Before the study began, parents were briefed about the hypothesis of the study and consented to participate. Infants sat on their parent’s lap in a room with a large projection screen. Parents were asked to close their eyes for the duration of the study. The familiarization trials came first; as described above, infants saw one video repeated five times, preceded by a star that rotated and made a noise to draw infants’ attention. The visual preference trial came next; the two puppets from the preceding video appeared on opposite sides of the screen, without the human actor, for two 10-s intervals for a total of 20 s. The puppets appeared in consistent positions (left and right of center) during the familiarization trials, visual preference trial, and the reaching trial that concluded the condition.

During the reaching trial, an experimenter, who did not know the identity of the imitated puppet or the condition (own parent or yoked control), brought out the two puppets featured in the prior videos, held them in front of the screen, said, “Hi!” to get the attention of the infant and then said, “Look!” and brought the puppets together in front of the infant but out of reach until the infant looked at both puppets. Next, the experimenter moved the puppets toward the infant and said, “Which one do you like?” while presenting the two puppets to the infant ∼12” apart from one another. If a baby did not make a choice within 10 s, the experimenter further prompted the baby by saying, “Which one do you like?” or “It’s okay to choose one.” They repeated one of these prompts every 10 s until the infant chose a puppet or the experimenter had given three prompts to the infant. If an infant had still not made a choice after the third prompt, the experimenter repeated the choice procedure up to three times (on average, infants received 2.7 of the 9 possible prompts; SI Appendix). If an infant reached for both puppets at the same time, the choice was coded as both and was not included in the analysis. If an infant failed to reach for either puppet after three attempts, the choice was coded as none. This procedure and these criteria for exclusion were preregistered. At the end of the study, parents were invited to ask questions and were given the opportunity to view the stimuli.

Coding, stopping rule, and analyses.

Coders who were unaware of the identity of the imitator (own parent versus yoked control) coded which puppet the infant looked at in 0.10-s intervals in each visual preference trial. Looks were coded as left, right, or away from both puppets (which included the center of the screen). The dependent measure was the proportion of time that infants spent looking at the puppet whom their parent had imitated (time spent looking at imitated puppet/total time looking at one of the puppets).

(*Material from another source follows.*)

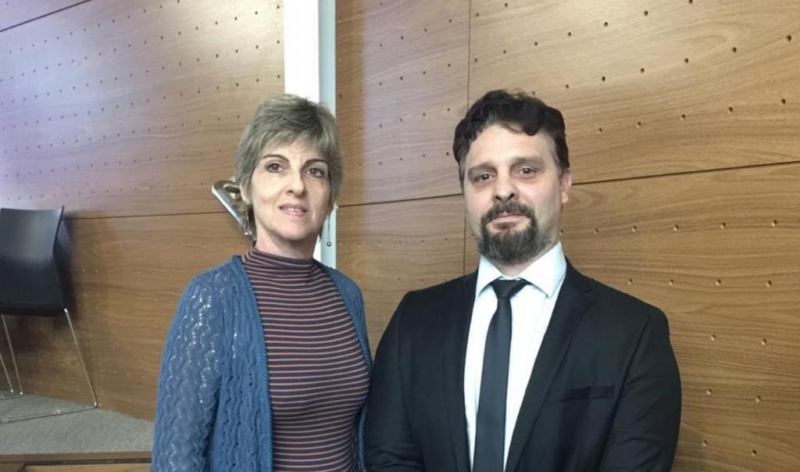 A secretária de Estado da Ciência, Tecnologia, Inovação e Educação Profissional (Secti), Cristina Engel de Alvarez, esteve com o presidente da Comissão de Direito Cultural e Propriedade Intelectual da OAB-ES, Juliano Regattieri Oliveira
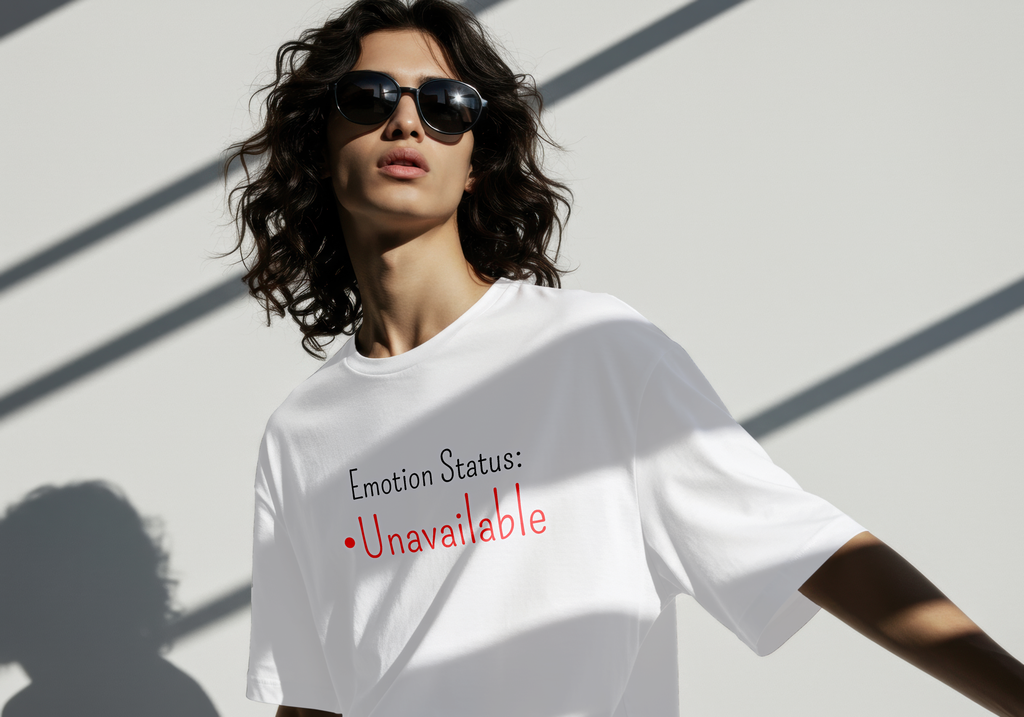 "Emotion Status: Unavailable" UNISEX Oversized T-Shirt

Reaching preferences were coded at the time of the study and then recoded by a second experimenter who did not know the condition or the hypothesis of the study. When the two coders disagreed, the reaching preference that was coded by the person watching the videos was used as the final decision. We planned to stop data collection after collecting preference data from at least 16 participants per condition or obtaining a Bayes factor of 8 for the proportion of infants who chose the imitated puppet in the own parent condition. However, because of the outbreak of COVID-19, in-person data collection was halted prior to attaining either criterion. Accordingly, all analyses for study 1 reported in the main text and SI Appendix should be viewed as preliminary. The program JASP was used to analyze the data (66).

Study 2.

Participants and exclusions.

Participants included 22 full-term infants (M = 363.6 d; SD = 14.17 d). Infants were recruited from the greater Boston area and from an online recruitment website (https://childrenhelpingscience.com/). When parents were asked about their child’s gender/sex, 10 parents said female and 12 parents said male.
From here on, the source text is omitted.